Single by Kacey Musgraves

from the album Same Trailer Different Park
- Released: April 1, 2013
- Genre: Country rock
- Length: 3:08
- Label: Mercury Nashville
- Songwriters: Luke Laird; Shane McAnally; Kacey Musgraves;
- Producers: Luke Laird; Shane McAnally; Kacey Musgraves;

Kacey Musgraves singles chronology
| "Merry Go 'Round" (2012) | "Blowin' Smoke" (2013) | "Follow Your Arrow" (2013) |

= Blowin' Smoke =

"Blowin' Smoke" is a song co-written and recorded by American country music singer Kacey Musgraves, featured on her major label debut album, Same Trailer Different Park. It was released April 1, 2013, as the album's second single. It was written and produced by Musgraves, Luke Laird, and Shane McAnally. As of July 10, 2013, the single has sold 135,000 copies in the United States.

==Content==
The song is about a waitress who is "down on her luck" and aspires to do better, but is "just blowin' smoke". The title is a double meaning, referencing the fact that the waitress is smoking a cigarette while also playing on the term "blowing smoke", which Musgraves refers to as meaning "talking shit".

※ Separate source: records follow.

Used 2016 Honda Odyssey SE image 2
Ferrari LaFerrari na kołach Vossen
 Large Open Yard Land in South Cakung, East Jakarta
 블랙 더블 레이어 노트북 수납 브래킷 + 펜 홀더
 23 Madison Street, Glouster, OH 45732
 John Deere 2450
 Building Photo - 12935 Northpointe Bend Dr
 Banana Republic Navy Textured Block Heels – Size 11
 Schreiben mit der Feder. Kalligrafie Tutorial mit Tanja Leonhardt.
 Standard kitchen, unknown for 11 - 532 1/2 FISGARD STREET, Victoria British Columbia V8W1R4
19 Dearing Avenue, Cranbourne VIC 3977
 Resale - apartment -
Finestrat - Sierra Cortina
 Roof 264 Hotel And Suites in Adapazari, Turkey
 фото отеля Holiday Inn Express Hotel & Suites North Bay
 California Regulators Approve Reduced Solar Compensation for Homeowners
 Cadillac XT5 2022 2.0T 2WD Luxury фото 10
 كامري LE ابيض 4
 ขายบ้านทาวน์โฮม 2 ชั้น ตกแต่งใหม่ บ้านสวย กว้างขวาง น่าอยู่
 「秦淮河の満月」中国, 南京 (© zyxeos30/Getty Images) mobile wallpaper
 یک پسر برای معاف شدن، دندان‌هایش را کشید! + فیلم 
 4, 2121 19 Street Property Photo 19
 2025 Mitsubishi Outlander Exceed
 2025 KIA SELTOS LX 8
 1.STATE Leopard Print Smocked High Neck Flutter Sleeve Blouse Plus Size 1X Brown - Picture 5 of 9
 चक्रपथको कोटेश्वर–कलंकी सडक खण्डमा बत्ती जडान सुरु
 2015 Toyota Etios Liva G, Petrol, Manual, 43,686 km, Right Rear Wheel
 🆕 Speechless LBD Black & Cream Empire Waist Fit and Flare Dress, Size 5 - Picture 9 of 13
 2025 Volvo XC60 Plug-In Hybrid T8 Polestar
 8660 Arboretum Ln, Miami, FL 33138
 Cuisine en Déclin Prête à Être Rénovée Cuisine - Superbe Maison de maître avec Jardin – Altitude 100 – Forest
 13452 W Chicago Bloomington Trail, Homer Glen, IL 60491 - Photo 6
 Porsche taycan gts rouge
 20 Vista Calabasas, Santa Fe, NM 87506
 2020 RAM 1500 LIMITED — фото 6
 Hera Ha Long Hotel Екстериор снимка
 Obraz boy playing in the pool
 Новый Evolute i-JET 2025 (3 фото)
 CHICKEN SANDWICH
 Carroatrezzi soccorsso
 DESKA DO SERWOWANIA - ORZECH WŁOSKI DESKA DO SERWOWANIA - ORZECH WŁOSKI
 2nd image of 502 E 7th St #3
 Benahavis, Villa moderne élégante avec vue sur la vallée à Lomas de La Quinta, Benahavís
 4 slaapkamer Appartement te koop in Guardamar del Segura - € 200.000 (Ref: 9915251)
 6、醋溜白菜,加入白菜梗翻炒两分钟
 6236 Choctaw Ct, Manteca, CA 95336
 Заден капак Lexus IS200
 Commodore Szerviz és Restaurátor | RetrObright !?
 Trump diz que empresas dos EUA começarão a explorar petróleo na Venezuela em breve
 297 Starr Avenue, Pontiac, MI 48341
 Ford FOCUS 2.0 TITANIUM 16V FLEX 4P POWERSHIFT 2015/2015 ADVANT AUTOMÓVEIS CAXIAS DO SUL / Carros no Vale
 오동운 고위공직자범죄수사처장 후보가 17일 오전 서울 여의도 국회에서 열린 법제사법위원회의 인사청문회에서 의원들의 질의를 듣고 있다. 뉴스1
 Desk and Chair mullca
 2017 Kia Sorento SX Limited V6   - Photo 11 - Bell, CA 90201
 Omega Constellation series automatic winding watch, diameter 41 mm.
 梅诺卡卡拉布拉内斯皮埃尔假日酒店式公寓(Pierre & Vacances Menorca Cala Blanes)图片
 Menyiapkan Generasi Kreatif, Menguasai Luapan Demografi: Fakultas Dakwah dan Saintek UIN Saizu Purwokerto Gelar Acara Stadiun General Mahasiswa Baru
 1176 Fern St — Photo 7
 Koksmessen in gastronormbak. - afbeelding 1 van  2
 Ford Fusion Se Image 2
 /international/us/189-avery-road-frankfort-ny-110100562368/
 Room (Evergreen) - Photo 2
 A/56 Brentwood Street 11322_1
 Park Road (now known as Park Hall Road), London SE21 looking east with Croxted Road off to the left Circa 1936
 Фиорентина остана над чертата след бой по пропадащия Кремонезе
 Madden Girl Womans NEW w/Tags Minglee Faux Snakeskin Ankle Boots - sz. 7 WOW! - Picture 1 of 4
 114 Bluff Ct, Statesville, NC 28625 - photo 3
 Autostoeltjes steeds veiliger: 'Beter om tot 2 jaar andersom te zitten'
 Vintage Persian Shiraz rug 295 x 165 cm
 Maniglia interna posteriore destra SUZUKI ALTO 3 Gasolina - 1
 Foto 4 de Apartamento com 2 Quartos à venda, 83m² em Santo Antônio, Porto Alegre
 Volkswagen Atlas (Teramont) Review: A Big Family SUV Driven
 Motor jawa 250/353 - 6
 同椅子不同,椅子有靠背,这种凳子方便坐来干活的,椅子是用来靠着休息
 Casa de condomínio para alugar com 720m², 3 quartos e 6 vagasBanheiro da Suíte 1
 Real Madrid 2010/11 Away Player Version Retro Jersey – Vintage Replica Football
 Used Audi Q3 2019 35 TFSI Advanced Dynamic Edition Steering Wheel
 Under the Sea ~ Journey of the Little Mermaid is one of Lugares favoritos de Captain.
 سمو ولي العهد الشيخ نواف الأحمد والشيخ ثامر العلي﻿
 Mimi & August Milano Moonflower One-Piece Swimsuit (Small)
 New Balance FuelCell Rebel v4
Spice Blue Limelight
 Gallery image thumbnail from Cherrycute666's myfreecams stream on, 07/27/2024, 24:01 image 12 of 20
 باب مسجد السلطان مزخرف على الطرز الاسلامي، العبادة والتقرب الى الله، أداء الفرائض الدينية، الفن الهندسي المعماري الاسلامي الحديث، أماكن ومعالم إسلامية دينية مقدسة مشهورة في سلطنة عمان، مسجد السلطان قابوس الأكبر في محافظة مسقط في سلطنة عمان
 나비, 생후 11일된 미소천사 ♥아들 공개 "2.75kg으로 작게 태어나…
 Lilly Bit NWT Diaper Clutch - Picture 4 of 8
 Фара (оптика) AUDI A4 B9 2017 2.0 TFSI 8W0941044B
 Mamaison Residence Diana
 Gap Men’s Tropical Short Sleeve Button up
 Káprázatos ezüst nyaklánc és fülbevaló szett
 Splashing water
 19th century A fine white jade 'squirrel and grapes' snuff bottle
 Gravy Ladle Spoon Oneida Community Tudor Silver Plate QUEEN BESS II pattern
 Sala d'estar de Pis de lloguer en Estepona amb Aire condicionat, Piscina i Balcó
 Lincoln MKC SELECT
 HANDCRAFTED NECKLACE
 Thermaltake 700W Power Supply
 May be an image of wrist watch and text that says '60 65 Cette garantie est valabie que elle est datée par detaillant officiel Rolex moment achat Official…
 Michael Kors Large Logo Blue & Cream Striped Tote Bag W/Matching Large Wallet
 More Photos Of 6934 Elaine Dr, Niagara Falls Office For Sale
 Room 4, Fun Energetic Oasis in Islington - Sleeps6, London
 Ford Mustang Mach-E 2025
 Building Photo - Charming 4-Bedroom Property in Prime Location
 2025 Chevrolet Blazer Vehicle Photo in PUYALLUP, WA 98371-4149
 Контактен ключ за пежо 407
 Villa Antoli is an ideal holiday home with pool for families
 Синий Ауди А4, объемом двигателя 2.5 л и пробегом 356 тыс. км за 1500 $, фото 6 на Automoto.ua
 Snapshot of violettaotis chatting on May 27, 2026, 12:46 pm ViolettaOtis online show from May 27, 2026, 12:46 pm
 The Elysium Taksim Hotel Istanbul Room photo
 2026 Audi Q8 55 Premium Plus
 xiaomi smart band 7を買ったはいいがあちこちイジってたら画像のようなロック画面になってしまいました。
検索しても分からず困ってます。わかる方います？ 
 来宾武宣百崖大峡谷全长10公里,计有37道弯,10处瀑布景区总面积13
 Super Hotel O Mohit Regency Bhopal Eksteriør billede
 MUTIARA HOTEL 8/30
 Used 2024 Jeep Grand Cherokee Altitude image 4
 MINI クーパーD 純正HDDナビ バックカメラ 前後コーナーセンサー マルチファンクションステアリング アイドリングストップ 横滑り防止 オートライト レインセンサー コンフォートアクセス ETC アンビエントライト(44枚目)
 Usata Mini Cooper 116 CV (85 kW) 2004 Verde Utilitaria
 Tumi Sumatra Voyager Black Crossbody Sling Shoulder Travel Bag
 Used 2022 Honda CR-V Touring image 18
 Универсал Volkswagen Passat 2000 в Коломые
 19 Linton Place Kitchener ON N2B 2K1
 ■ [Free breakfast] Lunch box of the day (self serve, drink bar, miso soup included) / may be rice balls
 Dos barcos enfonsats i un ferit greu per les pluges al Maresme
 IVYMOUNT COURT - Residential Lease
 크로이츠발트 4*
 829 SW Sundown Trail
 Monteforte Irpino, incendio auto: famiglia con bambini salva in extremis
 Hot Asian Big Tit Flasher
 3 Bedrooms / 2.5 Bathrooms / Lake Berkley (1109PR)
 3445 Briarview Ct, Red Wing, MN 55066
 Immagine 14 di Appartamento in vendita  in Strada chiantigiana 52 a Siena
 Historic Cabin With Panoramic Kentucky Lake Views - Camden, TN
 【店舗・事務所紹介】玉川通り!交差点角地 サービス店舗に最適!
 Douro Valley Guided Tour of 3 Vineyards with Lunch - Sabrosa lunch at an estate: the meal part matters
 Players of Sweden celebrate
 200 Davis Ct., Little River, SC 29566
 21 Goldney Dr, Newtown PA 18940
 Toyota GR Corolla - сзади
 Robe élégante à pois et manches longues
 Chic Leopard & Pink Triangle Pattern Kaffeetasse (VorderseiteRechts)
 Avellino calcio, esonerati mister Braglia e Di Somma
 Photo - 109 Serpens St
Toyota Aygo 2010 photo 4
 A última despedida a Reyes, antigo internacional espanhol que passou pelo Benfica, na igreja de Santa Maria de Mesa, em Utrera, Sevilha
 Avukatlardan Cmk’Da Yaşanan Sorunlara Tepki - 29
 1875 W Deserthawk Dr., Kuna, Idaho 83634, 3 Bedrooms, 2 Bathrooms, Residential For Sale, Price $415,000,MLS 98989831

The song opens and closes with the ambient noise of a Waffle House restaurant, recorded by co-writer and co-producer Luke Laird.

== Critical reception ==

Billy Dukes at Taste of Country said "every element of 'Blowin' Smoke' works together to fill in gaps in a listener’s mind, especially one who’s never behind the bar or in front of a line cook, nervously tapping on a steel counter while their table’s food is prepared. The peculiarity of subject matter may prevent this single from being a chart-topper, but one gets the feeling that’s not the singer’s measure of success anyway". Matt Bjorke at Roughstock said the song "features an interesting story about how we all say we're gonna do things and change our lives but we end up not doing it. It's honest and real, unlike so much of Today's music". Daryl Addison at GAC says "Kacey sings with more than a hint of her character’s jealous contempt, we’re all out here talkin’ trash, makin’ bets, lips wrapped ’round our cigarettes, when a fellow waitress follows her heart to Vegas.

==Music video==
The music video was directed by Honey and premiered on CMT and GAC in May 2013.

== Chart performance ==
"Blowin' Smoke" debuted at number 56 on Billboard's Country Airplay chart for the week of April 13, 2013. It also debuted at number 48 on Billboard's Hot Country Songs chart for the week of April 27, 2013. It also debuted at number 10 on the U.S. Billboard Bubbling Under Hot 100 Singles chart for the week of June 22, 2013.

==Charts==

===Weekly charts===

| Chart (2013) | Peak position |
|---|---|
| Canada Country (Billboard) | 46 |
| US Bubbling Under Hot 100 (Billboard) | 7 |
| US Country Airplay (Billboard) | 23 |
| US Hot Country Songs (Billboard) | 31 |

===Year-end charts===

| Chart (2013) | Position |
|---|---|
| US Country Airplay (Billboard) | 95 |
| US Hot Country Songs (Billboard) | 91 |

==Certifications==

| Region | Certification | Certified units/sales |
| United States (RIAA) | Platinum | 1,000,000^{‡} |
^{‡} Sales+streaming figures based on certification alone.